> [Activity]
Please set down only the lines running from the one with "Download Louis Tomlinson" through the last line of the entries, exactly as written and without any pictures.

> [Data]
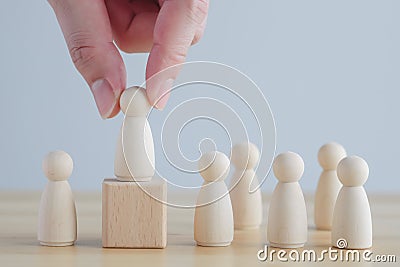 Hand Choose figure standing out from the group of crowd. Choice of employee leader from the crowd. Stock Photo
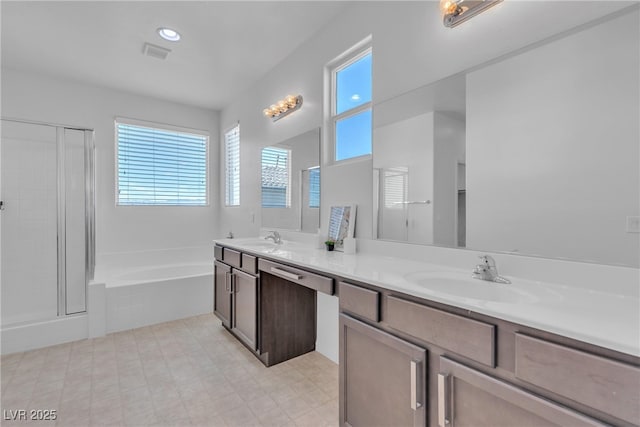 full bathroom featuring visible vents, a shower stall, and a sink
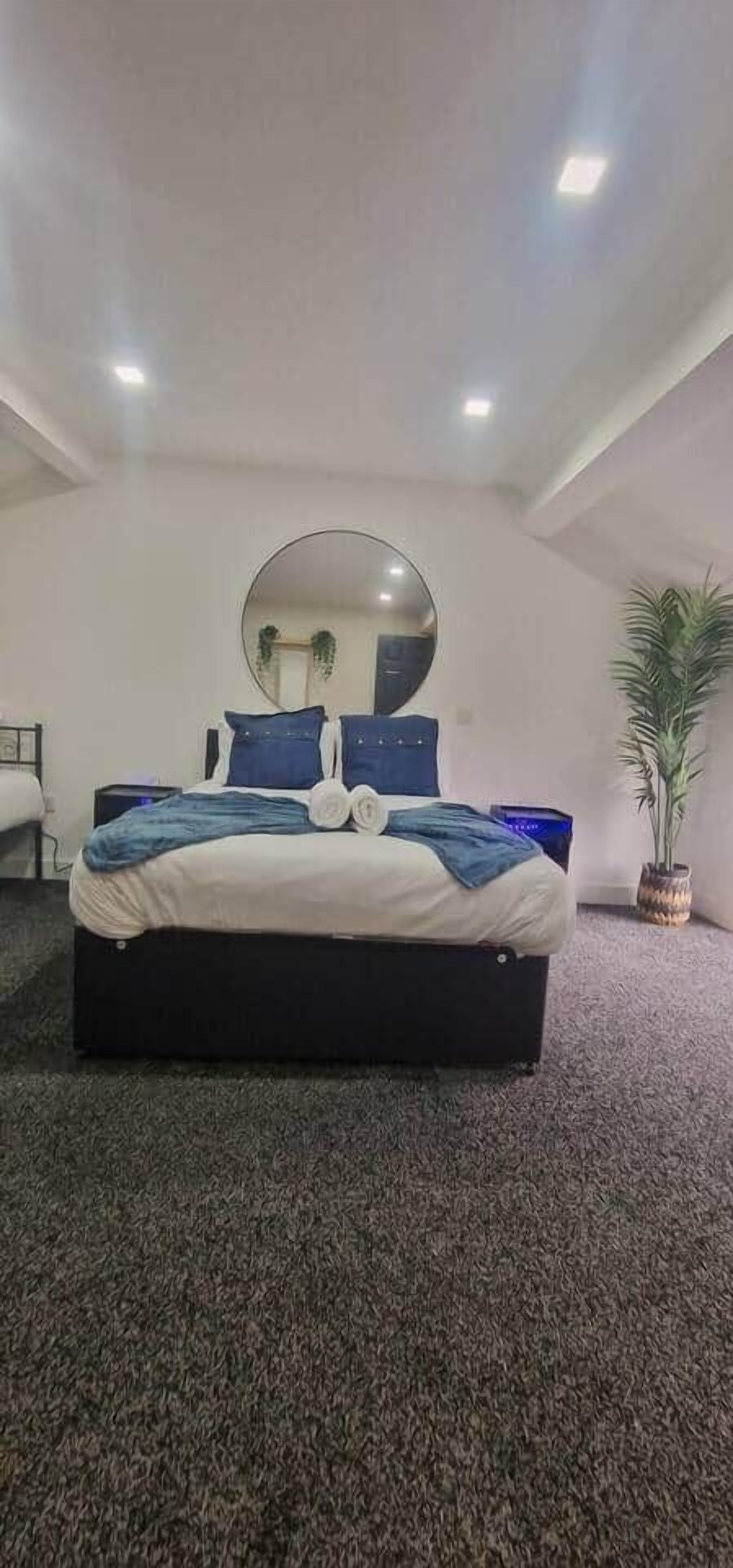 A modern bedroom with a large bed, a round mirror, and a potted plant.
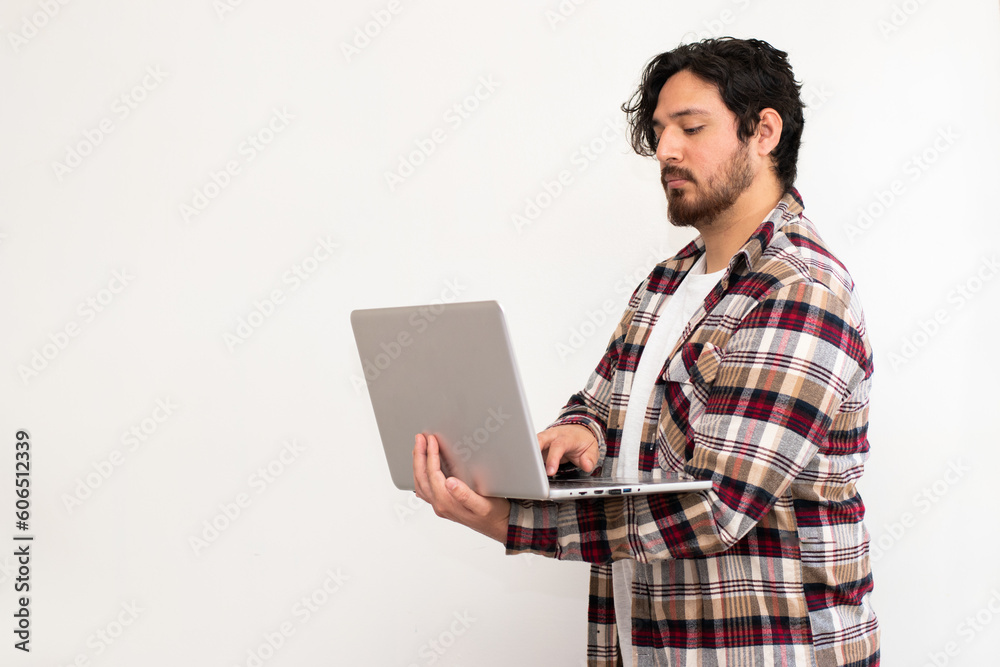 Portrait of serious person using the laptop stand up in white background and copy space Portrait of serious person using the laptop stand up in white background and copy space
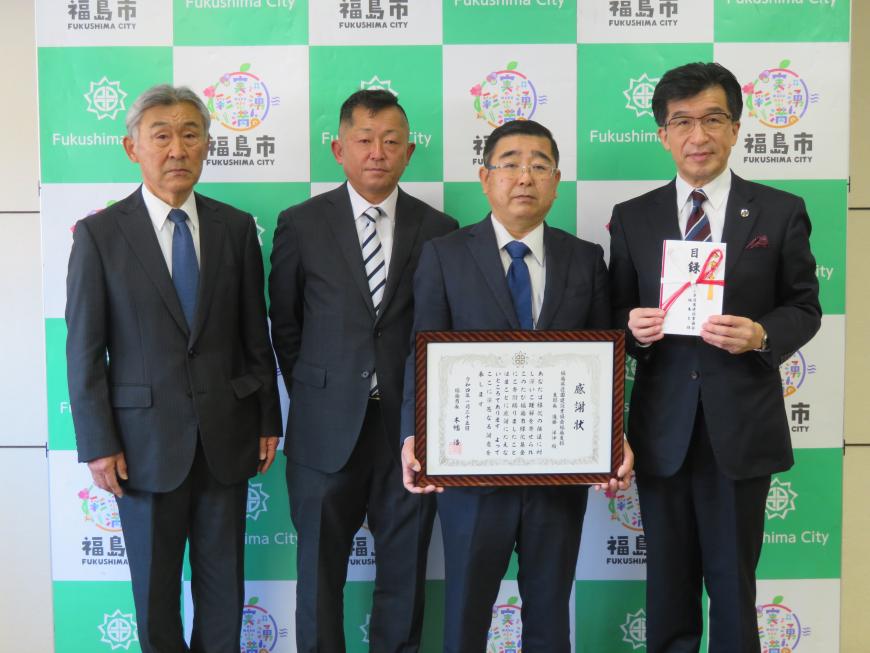 バックパネルの前で、市長が目録封筒、男性が額入りの感謝状をそれぞれ持ち、男性の横に2人の男性が立って並んでいる写真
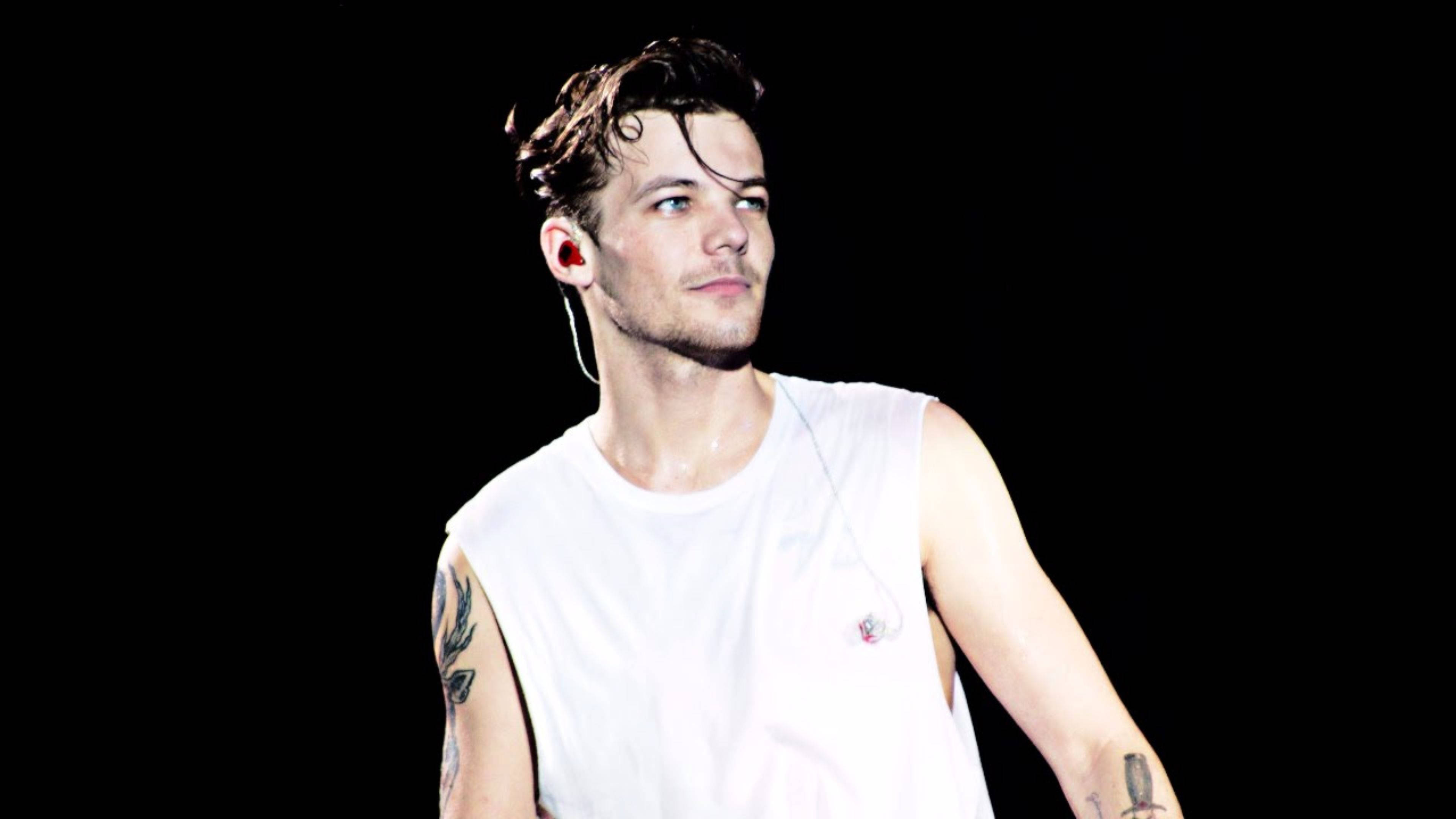 Download Louis Tomlinson In A Sleeveless Shirt Wallpaper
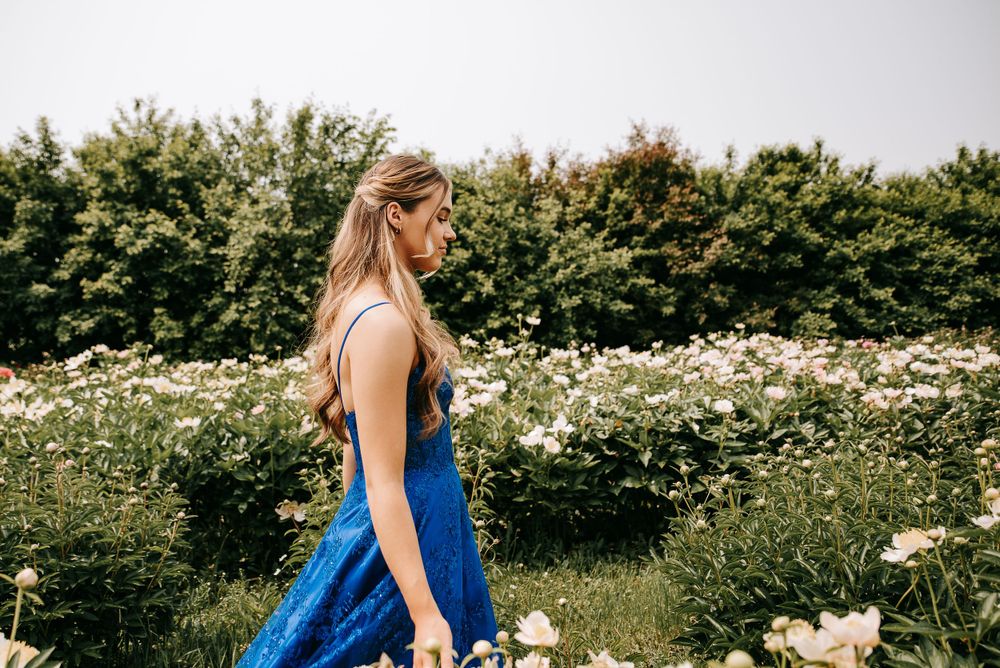 Side profile of person in blue formal gown walking through wildflower field.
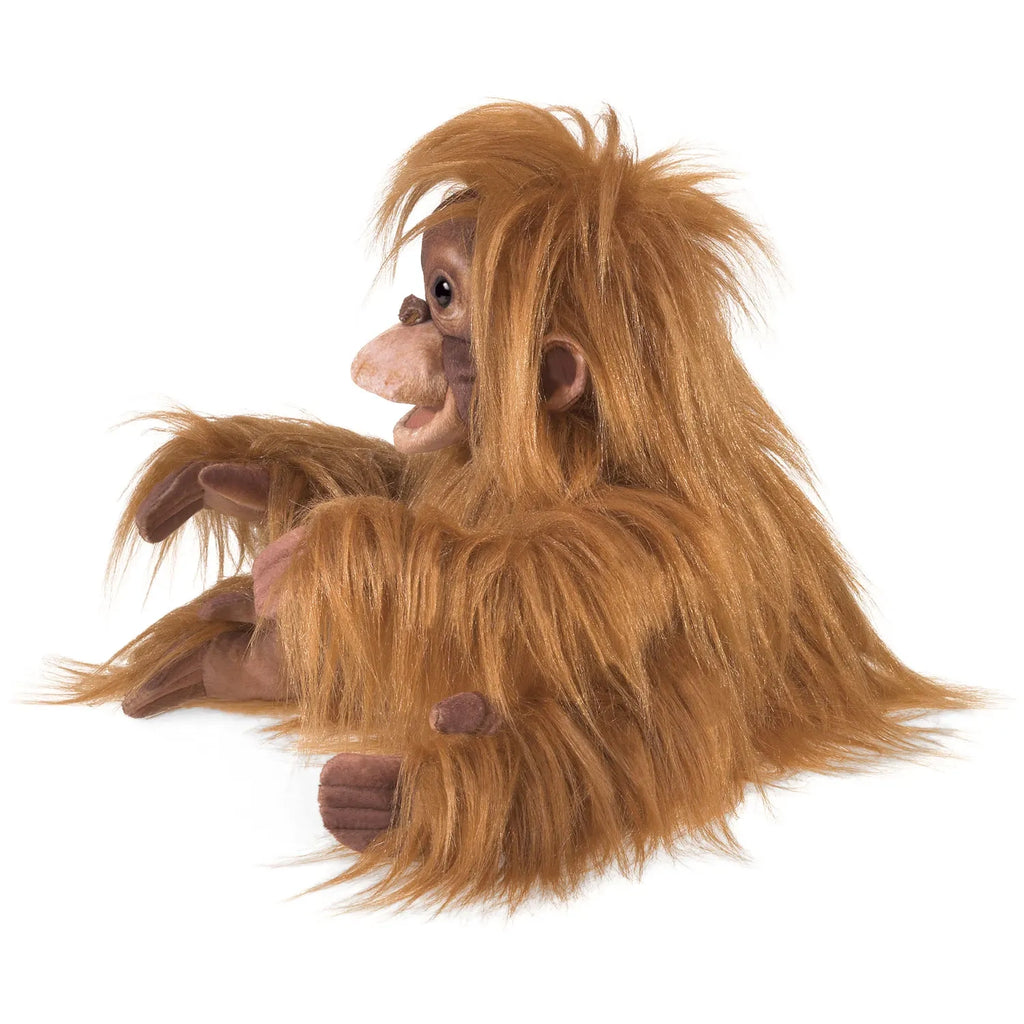 A plush orangutan toy with long, shaggy orange fur sits facing left. Its detailed facial features and relaxed pose convey a playful, whimsical tone.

> [Solution to this exercise]
 Download Louis Tomlinson In A Sleeveless Shirt Wallpaper
 Side profile of person in blue formal gown walking through wildflower field.
 A plush orangutan toy with long, shaggy orange fur sits facing left. Its detailed facial features and relaxed pose convey a playful, whimsical tone.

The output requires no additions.